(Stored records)

⁂

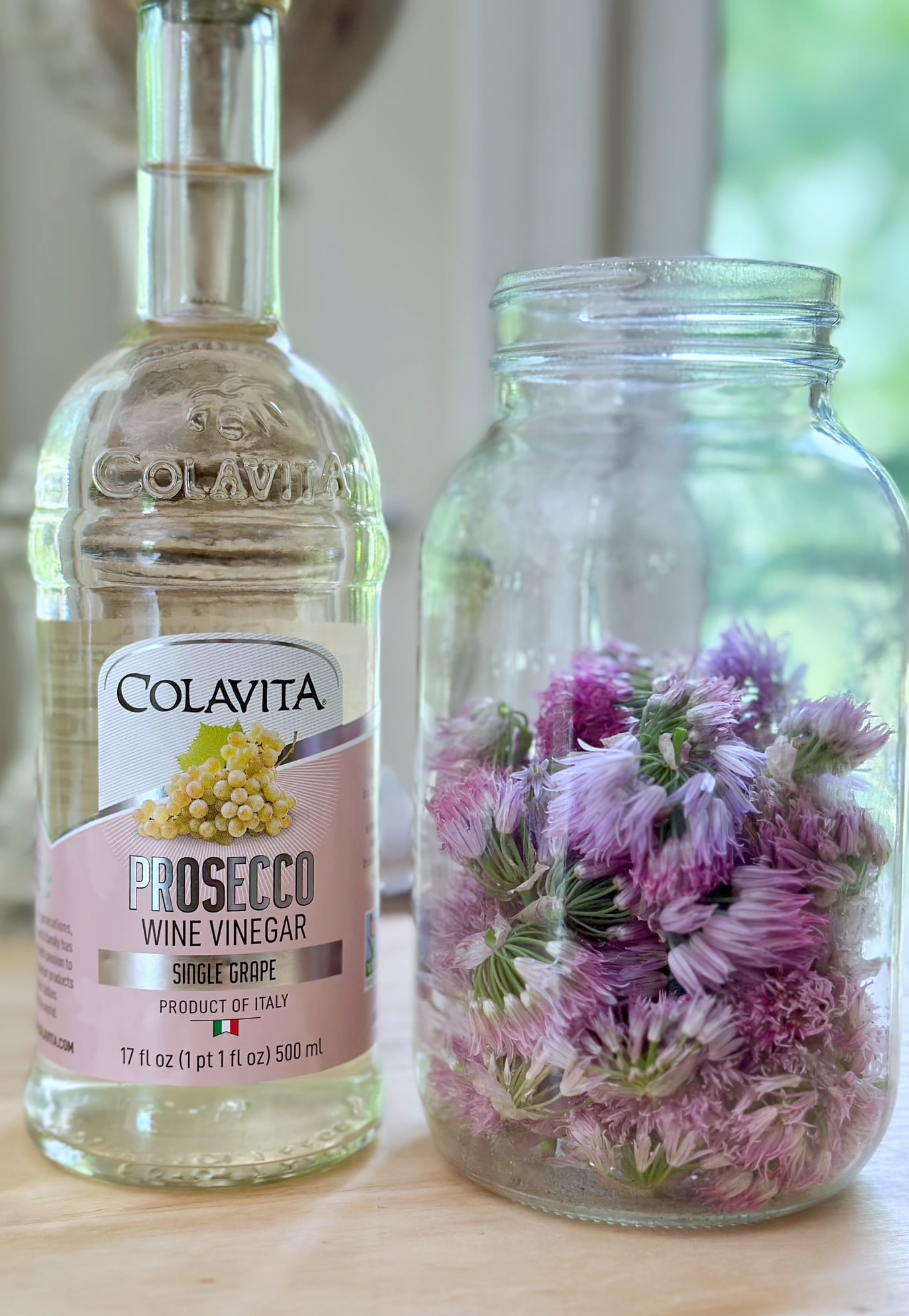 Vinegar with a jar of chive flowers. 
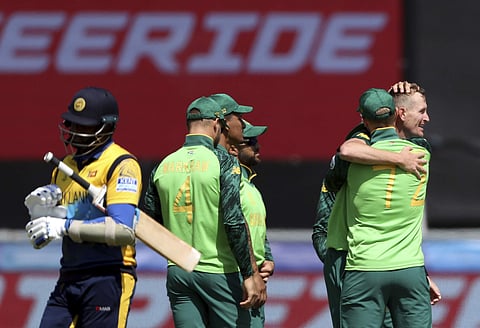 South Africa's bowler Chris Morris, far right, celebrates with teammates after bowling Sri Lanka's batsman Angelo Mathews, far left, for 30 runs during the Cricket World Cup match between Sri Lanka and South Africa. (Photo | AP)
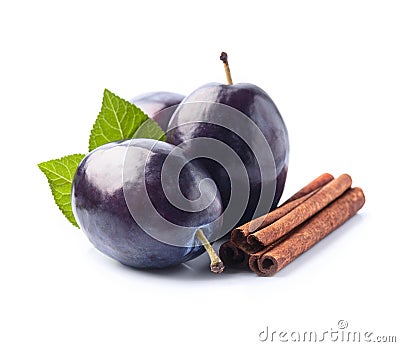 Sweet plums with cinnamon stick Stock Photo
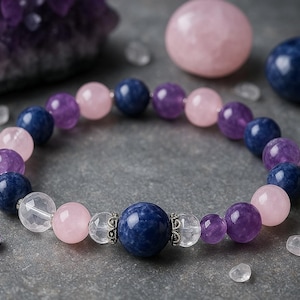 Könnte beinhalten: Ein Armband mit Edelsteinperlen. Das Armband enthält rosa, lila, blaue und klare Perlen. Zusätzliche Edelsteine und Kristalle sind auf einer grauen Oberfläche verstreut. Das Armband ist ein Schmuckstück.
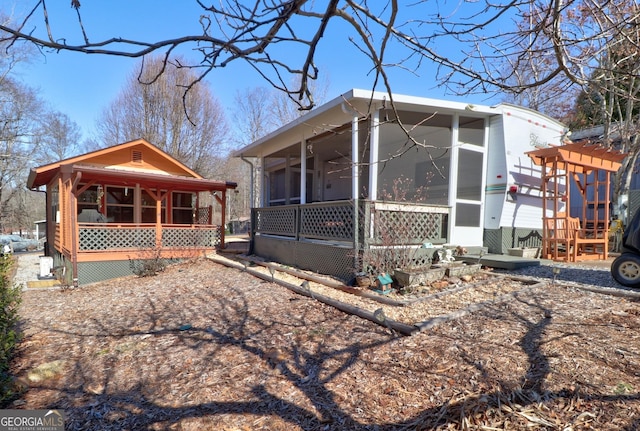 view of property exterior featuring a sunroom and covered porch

⁂

◆ **ACTION ITEM**
The records above must be returned exactly, with each picture omitted.

◆ **REPLY TO THE TASK**
 Vinegar with a jar of chive flowers. 
 South Africa's bowler Chris Morris, far right, celebrates with teammates after bowling Sri Lanka's batsman Angelo Mathews, far left, for 30 runs during the Cricket World Cup match between Sri Lanka and South Africa. (Photo | AP)
 Sweet plums with cinnamon stick Stock Photo
 Könnte beinhalten: Ein Armband mit Edelsteinperlen. Das Armband enthält rosa, lila, blaue und klare Perlen. Zusätzliche Edelsteine und Kristalle sind auf einer grauen Oberfläche verstreut. Das Armband ist ein Schmuckstück.
 view of property exterior featuring a sunroom and covered porch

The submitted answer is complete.